Task:
With both ends included, transcribe exactly the records below from their first line to the line that contains "Automatic Makeup Brush Cleaner Machine".

Recorded information:
----

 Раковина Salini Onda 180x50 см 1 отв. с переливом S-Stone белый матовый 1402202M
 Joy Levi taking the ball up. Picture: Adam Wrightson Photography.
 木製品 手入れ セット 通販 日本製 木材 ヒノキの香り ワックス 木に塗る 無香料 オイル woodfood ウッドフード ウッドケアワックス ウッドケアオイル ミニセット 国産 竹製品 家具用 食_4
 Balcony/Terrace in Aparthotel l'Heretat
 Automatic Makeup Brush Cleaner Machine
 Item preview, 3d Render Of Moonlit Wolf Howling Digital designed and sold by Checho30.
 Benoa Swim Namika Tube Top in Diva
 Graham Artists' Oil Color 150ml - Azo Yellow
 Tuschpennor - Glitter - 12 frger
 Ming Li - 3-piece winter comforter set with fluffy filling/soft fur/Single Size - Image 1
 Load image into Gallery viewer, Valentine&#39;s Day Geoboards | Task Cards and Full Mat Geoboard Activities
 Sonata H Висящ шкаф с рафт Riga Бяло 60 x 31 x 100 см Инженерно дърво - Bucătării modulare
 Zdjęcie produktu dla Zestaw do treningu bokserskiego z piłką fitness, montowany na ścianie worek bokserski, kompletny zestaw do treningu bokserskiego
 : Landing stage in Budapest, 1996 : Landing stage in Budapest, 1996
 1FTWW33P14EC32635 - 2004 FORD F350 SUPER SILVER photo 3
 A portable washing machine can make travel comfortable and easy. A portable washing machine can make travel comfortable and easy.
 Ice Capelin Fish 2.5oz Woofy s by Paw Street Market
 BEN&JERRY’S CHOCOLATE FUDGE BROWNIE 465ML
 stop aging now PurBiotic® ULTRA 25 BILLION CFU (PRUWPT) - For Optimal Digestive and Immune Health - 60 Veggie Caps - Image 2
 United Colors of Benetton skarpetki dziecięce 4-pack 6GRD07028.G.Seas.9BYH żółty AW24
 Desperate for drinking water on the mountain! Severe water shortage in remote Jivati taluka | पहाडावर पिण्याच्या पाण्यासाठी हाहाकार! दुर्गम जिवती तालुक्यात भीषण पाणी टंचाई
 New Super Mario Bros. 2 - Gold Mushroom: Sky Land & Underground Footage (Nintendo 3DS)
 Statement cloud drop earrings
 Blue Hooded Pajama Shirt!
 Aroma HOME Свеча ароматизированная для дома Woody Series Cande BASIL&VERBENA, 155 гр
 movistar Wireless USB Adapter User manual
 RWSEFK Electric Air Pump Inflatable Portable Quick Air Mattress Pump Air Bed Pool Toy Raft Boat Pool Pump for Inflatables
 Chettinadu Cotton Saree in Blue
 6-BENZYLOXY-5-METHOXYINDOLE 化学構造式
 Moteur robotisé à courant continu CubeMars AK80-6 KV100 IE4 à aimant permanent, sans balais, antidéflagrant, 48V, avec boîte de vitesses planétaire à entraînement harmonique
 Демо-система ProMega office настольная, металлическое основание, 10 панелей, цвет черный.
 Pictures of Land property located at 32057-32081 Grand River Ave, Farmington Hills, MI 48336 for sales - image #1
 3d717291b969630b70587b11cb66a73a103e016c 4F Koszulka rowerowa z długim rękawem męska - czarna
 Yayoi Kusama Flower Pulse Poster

----

Task response:
 Раковина Salini Onda 180x50 см 1 отв. с переливом S-Stone белый матовый 1402202M
 Joy Levi taking the ball up. Picture: Adam Wrightson Photography.
 木製品 手入れ セット 通販 日本製 木材 ヒノキの香り ワックス 木に塗る 無香料 オイル woodfood ウッドフード ウッドケアワックス ウッドケアオイル ミニセット 国産 竹製品 家具用 食_4
 Balcony/Terrace in Aparthotel l'Heretat
 Automatic Makeup Brush Cleaner Machine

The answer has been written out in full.